▶ [Data records]
════════
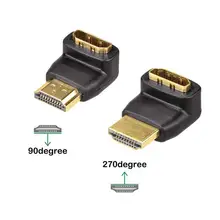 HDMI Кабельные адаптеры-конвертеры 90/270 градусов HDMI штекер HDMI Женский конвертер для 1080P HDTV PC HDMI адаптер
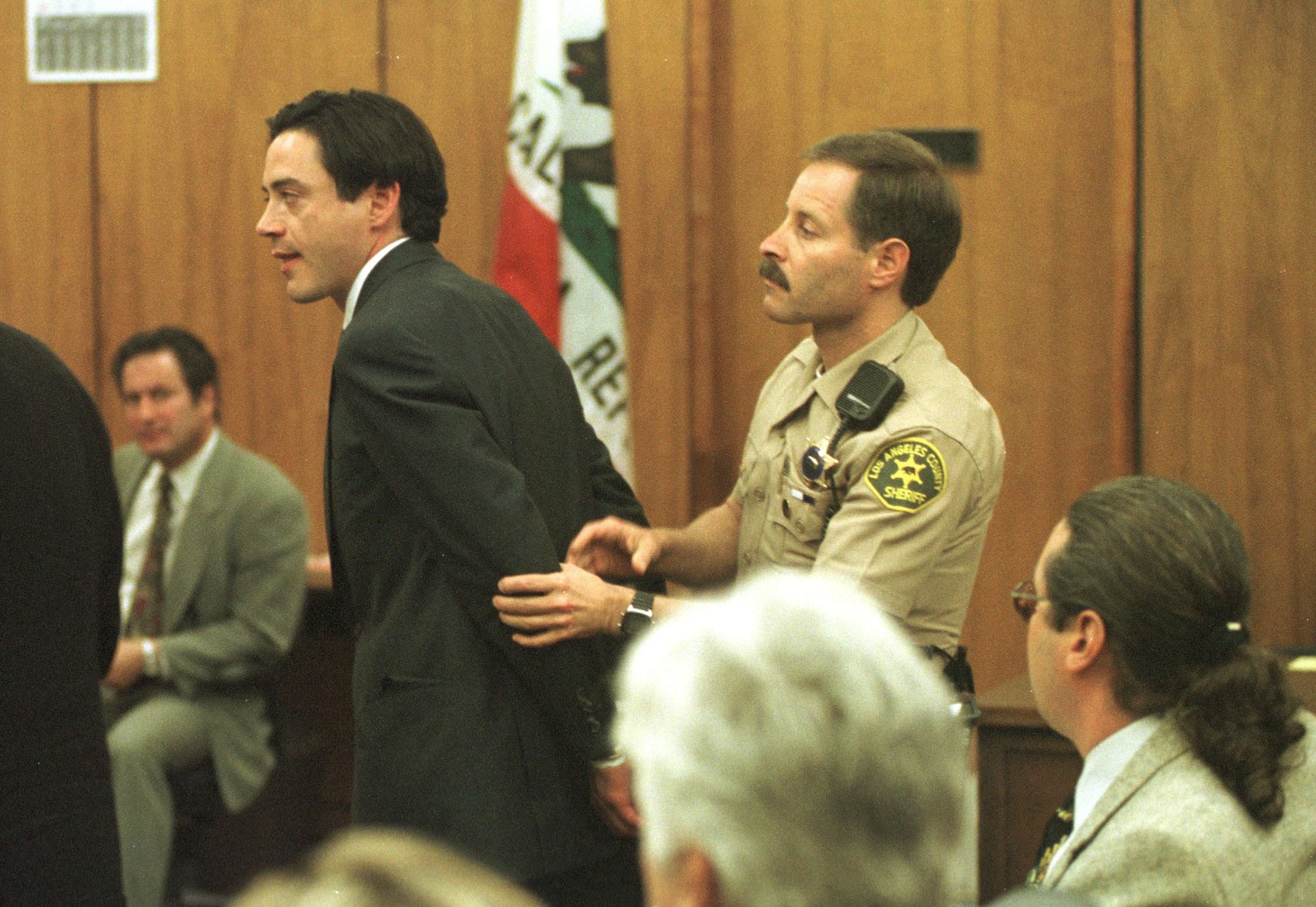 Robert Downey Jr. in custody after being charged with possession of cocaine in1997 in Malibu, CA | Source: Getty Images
════════
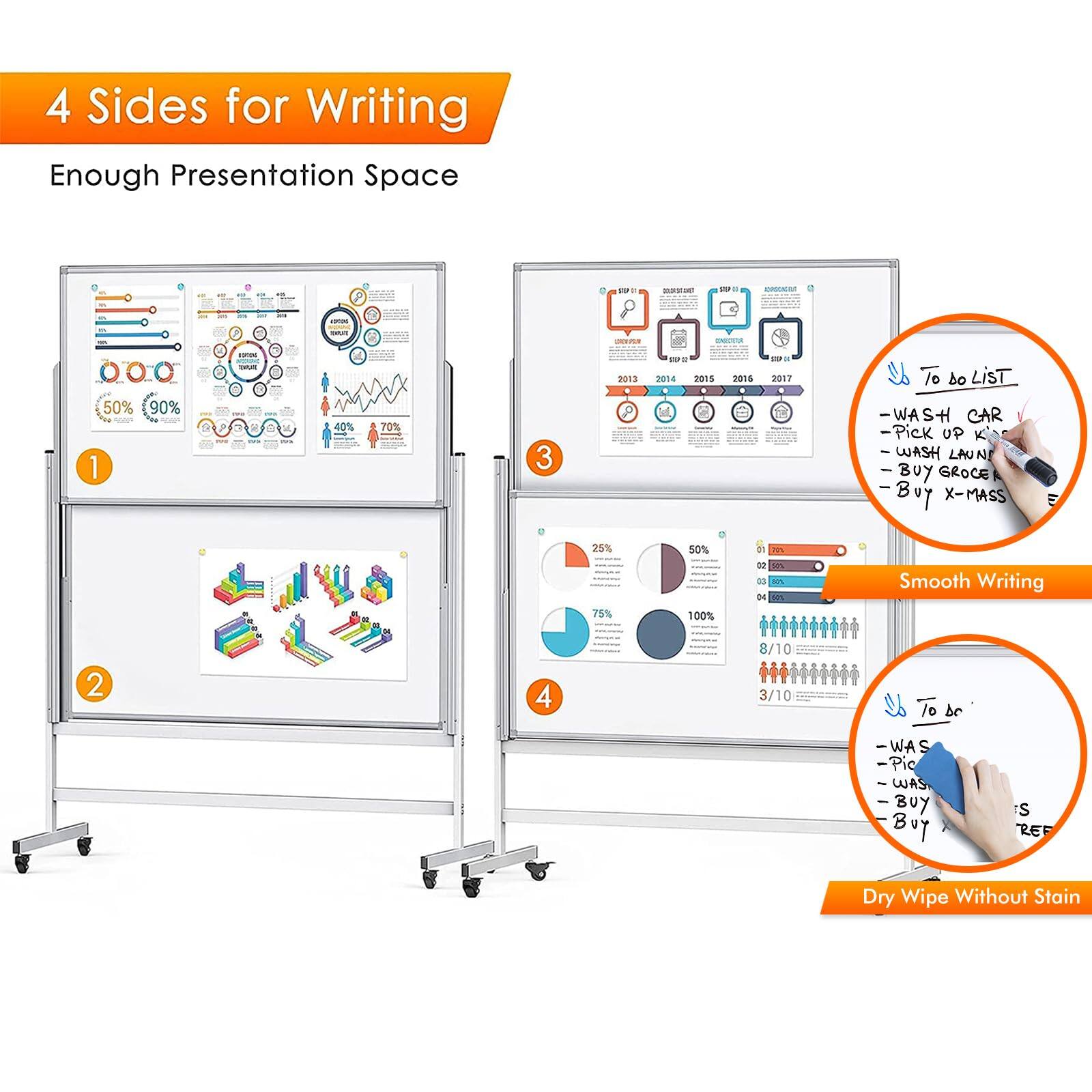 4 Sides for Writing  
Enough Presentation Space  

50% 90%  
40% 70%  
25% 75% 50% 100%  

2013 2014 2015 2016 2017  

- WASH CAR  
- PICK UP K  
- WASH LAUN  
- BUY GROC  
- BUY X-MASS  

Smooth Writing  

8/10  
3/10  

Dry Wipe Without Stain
════════
▶ [What you are asked to do] What you write must match the listing exactly, from the line with "HDMI Кабельные адаптеры-конвертеры" up to and including the line with "Robert Downey Jr.". Pictures stay out.

▶ [The completed task]
 HDMI Кабельные адаптеры-конвертеры 90/270 градусов HDMI штекер HDMI Женский конвертер для 1080P HDTV PC HDMI адаптер
 Robert Downey Jr. in custody after being charged with possession of cocaine in1997 in Malibu, CA | Source: Getty Images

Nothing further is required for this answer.